Matej Hoťka scite author profile

Paroxysmal depolarization shifts (PDS) have been described by epileptologists for the first time several decades ago, but controversy still exists to date regarding their role in epilepsy. In addition to the initial view of a lack of such a role, seemingly opposing hypotheses on epileptogenic and anti-ictogenic effects of PDS have emerged. Hence, PDS may provide novel targets for epilepsy therapy. Evidence for the roles of PDS has often been obtained from investigations of the multi-unit correlate of PDS, an electrographic spike termed “interictal” because of its occurrence during seizure-free periods of epilepsy patients.

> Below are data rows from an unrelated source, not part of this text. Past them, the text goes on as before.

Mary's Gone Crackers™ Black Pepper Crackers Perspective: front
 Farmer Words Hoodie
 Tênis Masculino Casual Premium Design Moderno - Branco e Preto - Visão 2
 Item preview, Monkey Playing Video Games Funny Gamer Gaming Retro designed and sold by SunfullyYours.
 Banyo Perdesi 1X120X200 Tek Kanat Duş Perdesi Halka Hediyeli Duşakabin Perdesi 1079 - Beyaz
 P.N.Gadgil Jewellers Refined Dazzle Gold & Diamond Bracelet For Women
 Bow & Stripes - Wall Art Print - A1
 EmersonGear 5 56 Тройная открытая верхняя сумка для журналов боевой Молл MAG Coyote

Meanwhile, interictal spikes have been found to be associated with neuronal diseases other than epilepsy, e.g., Alzheimer’s disease, which may indicate a broader implication of PDS in neuropathologies. In this article, we give an introduction to PDS and review evidence that links PDS to pro- as well as anti-epileptic mechanisms, and to other types of neuronal dysfunction. The perturbation of neuronal membrane voltage and of intracellular Ca2+ that comes with PDS offers many conceivable pathomechanisms of neuronal dysfunction. Out of these, the operation of L-type voltage-gated calcium channels, which play a major role in coupling excitation to long-lasting neuronal changes, is addressed in detail.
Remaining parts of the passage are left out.